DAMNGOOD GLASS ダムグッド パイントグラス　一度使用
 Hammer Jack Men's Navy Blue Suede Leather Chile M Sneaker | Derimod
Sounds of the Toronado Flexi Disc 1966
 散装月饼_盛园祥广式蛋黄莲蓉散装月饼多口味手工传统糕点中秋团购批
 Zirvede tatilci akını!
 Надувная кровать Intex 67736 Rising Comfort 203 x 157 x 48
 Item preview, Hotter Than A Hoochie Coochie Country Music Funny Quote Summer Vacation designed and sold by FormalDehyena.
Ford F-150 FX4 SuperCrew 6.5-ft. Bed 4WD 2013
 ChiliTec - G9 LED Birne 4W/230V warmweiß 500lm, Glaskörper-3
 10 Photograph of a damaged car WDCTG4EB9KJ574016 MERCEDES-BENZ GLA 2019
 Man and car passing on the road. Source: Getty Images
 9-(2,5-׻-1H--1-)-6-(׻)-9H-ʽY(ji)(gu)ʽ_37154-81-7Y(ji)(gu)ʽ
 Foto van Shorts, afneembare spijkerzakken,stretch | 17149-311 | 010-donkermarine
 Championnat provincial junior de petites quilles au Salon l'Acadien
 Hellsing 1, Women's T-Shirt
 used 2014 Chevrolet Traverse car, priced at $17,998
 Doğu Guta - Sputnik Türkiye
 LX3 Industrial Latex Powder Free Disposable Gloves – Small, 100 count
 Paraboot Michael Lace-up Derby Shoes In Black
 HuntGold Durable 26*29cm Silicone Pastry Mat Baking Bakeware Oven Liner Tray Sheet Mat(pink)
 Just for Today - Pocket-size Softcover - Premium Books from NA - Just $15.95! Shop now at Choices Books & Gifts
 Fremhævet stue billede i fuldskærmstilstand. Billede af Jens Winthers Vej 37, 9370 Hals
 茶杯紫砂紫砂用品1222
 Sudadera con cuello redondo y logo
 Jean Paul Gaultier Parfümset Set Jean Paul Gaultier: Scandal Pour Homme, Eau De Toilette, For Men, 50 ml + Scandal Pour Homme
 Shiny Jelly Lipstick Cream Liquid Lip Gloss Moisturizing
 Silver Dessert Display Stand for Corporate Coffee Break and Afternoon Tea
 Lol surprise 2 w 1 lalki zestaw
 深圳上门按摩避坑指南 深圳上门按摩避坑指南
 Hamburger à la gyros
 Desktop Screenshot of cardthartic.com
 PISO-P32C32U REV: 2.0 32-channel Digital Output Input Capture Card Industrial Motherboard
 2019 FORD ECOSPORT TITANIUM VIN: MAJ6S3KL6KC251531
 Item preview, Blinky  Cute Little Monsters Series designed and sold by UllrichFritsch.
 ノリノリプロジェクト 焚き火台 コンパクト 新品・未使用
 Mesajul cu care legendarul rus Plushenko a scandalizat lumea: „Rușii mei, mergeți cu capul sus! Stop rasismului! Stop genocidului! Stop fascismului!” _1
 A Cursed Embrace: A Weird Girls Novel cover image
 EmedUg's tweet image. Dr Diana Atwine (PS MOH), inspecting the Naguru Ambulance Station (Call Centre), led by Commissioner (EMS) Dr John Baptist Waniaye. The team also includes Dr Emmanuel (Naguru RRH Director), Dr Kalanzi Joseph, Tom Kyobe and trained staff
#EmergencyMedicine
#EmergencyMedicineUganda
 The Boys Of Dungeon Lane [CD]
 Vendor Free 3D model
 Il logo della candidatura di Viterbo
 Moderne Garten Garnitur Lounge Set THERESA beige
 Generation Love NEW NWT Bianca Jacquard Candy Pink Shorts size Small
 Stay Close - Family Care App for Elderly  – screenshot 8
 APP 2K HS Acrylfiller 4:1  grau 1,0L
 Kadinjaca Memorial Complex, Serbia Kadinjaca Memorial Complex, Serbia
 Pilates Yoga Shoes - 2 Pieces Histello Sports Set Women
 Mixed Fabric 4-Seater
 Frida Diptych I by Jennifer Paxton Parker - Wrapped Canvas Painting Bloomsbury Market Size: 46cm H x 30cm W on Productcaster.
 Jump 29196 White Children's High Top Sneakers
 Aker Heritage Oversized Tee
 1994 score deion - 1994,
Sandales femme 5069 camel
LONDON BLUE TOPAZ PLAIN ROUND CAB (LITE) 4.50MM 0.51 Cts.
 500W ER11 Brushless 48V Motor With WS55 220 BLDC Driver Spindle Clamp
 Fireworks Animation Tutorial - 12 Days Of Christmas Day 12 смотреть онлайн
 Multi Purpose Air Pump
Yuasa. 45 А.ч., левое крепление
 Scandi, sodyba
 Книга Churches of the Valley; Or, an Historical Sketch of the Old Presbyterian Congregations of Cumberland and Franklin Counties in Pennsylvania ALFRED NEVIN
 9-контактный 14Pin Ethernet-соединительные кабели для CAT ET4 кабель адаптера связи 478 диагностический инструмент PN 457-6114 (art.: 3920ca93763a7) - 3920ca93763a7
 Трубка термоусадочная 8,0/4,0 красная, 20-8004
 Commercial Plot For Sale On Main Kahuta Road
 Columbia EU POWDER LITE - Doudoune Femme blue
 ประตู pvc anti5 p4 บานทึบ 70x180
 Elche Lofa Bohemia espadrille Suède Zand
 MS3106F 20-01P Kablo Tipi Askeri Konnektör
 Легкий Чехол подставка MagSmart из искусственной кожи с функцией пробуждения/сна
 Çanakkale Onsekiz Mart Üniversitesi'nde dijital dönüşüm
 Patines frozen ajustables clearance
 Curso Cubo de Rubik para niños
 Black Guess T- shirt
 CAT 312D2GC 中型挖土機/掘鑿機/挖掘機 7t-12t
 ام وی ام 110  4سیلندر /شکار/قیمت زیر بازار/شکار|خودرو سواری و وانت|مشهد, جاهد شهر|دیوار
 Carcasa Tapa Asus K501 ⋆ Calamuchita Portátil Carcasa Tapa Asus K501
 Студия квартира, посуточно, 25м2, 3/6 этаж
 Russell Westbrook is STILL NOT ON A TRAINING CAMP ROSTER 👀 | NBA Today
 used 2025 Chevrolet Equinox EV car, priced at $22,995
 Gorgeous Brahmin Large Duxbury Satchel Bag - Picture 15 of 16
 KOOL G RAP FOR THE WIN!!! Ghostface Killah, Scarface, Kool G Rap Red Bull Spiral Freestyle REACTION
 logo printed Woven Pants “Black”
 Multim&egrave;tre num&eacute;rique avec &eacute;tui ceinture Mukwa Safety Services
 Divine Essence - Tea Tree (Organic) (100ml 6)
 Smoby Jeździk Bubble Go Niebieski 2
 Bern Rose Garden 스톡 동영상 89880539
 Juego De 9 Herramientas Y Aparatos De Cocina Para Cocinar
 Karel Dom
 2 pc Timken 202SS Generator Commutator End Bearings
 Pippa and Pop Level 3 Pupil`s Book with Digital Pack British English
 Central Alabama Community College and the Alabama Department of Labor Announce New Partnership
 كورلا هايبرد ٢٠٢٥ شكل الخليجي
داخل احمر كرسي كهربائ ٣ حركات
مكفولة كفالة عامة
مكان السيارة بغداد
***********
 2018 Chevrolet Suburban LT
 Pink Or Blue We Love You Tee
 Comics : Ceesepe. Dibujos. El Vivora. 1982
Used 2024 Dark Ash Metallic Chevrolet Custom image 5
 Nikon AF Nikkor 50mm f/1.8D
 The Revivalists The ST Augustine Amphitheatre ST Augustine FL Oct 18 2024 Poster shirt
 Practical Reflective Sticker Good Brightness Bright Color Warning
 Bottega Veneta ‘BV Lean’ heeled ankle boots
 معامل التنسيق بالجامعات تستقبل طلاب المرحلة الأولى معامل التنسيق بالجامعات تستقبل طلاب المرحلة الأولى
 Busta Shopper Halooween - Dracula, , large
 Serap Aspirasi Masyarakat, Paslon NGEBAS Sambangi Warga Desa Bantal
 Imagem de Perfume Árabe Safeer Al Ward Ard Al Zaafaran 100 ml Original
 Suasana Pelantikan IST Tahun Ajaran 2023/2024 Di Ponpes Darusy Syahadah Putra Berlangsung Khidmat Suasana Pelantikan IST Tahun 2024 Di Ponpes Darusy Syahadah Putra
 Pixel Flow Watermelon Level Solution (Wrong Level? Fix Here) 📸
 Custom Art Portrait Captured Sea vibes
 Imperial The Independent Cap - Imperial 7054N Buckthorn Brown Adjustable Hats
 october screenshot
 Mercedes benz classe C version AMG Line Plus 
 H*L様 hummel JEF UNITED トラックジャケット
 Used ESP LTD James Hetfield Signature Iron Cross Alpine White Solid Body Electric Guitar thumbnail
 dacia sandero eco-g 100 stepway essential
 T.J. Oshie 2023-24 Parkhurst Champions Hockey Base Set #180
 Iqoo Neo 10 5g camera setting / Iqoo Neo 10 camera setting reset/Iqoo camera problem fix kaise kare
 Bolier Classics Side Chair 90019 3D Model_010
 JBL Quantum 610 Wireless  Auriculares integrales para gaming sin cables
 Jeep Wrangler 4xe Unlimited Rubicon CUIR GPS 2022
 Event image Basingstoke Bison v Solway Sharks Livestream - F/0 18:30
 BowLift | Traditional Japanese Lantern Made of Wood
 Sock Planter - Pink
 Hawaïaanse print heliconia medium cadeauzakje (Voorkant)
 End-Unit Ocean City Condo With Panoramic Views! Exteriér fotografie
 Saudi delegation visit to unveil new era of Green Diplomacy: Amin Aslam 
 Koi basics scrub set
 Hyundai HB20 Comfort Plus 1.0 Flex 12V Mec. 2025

* * * *

Exercise directions: Return, with no change at all, every line in the entries above from the line containing "داخل احمر كرسي كهربائ ٣ حركات" through the line containing "Busta Shopper Halooween - Dracula, , large".

Reply to the exercise:
داخل احمر كرسي كهربائ ٣ حركات
مكفولة كفالة عامة
مكان السيارة بغداد
***********
 2018 Chevrolet Suburban LT
 Pink Or Blue We Love You Tee
 Comics : Ceesepe. Dibujos. El Vivora. 1982
Used 2024 Dark Ash Metallic Chevrolet Custom image 5
 Nikon AF Nikkor 50mm f/1.8D
 The Revivalists The ST Augustine Amphitheatre ST Augustine FL Oct 18 2024 Poster shirt
 Practical Reflective Sticker Good Brightness Bright Color Warning
 Bottega Veneta ‘BV Lean’ heeled ankle boots
 معامل التنسيق بالجامعات تستقبل طلاب المرحلة الأولى معامل التنسيق بالجامعات تستقبل طلاب المرحلة الأولى
 Busta Shopper Halooween - Dracula, , large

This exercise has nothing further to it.